Route versions are used to accommodate variations in the production of products or provide greater control over the production process. They define which route should be used when a specific released product or released product variant is produced. You can use the following constraints to define which route is used for a released product:
- Product dimensions (size, color, style, or configuration)
- Production quantity
- Production site
- Production date
When you're producing the product at a specific site, in a specific quantity, or in a specific period, you can designate a specific route version as the default route version. However, note that only one active route is allowed for a given released product and a given set of constraints.
In the Production control parameters, you can require that the validity period of a route version always be specified.
Approval of route versions
Before a route version can be used in the planning or manufacturing process, it must be approved. When you approve a route version, you can also approve the related route. However, note that a route version can be approved only if the related route is also approved.
Activating the default route version
When you activate a route version, you designate it as the default route version that master planning will use, or that will be used to create production orders. You can have only one active route version for a given set of constraints (for example, period, site, or quantity). If the version that you’re trying to activate conflicts with a version that is already active, you receive an error message. To prevent an ambiguous activation, you must then either inactivate the conflicting version or modify the constraints (usually the period) on the route version.
If you must keep a log that records who approves and activates each route version, you can require electronic signatures for these tasks. Users who approve and activate route versions will then have to confirm their identity by using an electronic signature.
Product change that uses case management
The product change case for the approval and activation of new or changed routes and route versions gives you an easy way to see an overview of the route version constraints. You can also approve and activate all routes that are related to a specific change in one operation and document the results in the product change case.
Depending on your business requirements, you might be able to reduce the effort that is required in order to maintain your process definitions.
Making routes independent of resources
In many systems, the operations resource or resource group that should perform an operation must be specified in the route. However, in Supply Chain Management, you can define a set of requirements that an operations resource must meet to be applicable for the operation. Therefore, the specific operations resource or resource group that should be used doesn't have to be determined until the operation is actually scheduled. This functionality is especially useful when you have many workers or machines that can perform the same operation.

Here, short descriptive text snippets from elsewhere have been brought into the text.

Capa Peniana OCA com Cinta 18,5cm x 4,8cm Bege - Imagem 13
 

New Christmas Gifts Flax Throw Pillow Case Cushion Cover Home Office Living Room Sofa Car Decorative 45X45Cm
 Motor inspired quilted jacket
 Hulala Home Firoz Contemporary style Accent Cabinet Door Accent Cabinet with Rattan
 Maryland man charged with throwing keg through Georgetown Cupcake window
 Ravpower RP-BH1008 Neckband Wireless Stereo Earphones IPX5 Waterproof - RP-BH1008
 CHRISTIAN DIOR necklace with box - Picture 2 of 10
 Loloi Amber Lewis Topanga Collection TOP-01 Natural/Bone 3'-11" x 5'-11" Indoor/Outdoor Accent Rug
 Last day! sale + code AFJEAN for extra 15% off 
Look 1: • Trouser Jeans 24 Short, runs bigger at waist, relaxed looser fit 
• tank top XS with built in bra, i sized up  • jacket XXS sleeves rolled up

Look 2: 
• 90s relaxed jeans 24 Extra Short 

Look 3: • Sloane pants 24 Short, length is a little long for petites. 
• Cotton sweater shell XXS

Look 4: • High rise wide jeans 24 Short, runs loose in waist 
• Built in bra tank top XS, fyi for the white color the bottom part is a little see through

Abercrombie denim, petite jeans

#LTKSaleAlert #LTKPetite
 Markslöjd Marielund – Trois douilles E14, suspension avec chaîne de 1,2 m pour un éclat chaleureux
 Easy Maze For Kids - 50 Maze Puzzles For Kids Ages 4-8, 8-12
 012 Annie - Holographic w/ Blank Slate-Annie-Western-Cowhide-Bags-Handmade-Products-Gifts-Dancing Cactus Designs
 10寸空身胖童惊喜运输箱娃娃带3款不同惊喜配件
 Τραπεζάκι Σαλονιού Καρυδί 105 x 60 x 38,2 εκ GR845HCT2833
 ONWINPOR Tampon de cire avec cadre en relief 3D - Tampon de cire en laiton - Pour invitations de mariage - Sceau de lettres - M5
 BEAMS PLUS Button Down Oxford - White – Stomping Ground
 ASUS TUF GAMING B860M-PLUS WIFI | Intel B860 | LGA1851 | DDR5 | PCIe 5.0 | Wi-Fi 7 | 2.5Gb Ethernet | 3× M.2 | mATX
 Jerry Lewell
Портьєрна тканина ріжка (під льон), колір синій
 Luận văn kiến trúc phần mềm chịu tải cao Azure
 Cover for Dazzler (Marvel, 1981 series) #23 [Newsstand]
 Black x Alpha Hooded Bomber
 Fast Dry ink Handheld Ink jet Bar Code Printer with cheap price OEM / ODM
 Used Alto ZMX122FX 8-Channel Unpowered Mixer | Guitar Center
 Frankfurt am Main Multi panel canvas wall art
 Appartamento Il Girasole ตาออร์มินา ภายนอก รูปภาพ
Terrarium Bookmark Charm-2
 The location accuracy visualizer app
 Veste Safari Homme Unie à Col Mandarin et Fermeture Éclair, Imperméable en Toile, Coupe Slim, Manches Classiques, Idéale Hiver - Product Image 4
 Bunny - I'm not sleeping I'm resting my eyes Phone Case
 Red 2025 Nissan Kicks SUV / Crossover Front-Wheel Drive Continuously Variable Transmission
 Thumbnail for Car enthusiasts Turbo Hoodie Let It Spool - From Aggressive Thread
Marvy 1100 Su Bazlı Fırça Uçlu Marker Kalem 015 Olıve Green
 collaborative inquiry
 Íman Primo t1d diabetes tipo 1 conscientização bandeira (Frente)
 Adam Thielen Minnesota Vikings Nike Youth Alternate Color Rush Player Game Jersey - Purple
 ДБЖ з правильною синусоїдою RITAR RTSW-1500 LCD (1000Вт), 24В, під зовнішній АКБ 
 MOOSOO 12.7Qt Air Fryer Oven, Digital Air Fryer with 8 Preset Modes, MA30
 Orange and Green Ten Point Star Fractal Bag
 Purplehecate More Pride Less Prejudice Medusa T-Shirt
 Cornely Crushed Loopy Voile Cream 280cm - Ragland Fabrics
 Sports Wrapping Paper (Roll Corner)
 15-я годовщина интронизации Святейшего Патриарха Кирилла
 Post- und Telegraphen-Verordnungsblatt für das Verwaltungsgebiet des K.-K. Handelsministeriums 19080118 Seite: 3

For example, you specify that an operation requires an operations resource of the Machine type that has a Stamping capability of 20 tons. The scheduling engine will then resolve these requirements to a specific operations resource or resource group when the operation is scheduled. Because you can just specify these requirements instead of binding the operation to a specific machine, you have much more flexibility. Additionally, maintenance is easier when resources are moved or new resources are added.
For more information about the various types of resource requirements and how to use them, see Operations resource requirements and Resource capabilities.
Sharing routes across sites
If you produce the same product at more than one production site, and if the steps for producing the product are the same at all sites, you can often design a shared route that is used across all production sites. To create a shared route, don't specify a site on the route itself. However, you must still create a route version that associates the shared route with the product at each site.
You must also make sure that the resource requirements for each operation in the route don't call for specific operations resources or resource groups, but are instead expressed in terms of the characteristics of the required resources. The scheduling engine will then be able to assign the appropriate operations resources from the site that the production is scheduled on. For example, if there are small differences in the run time, or if the setup time for a certain operation is site-specific, you can specify this information by adding an additional operation relation for that site.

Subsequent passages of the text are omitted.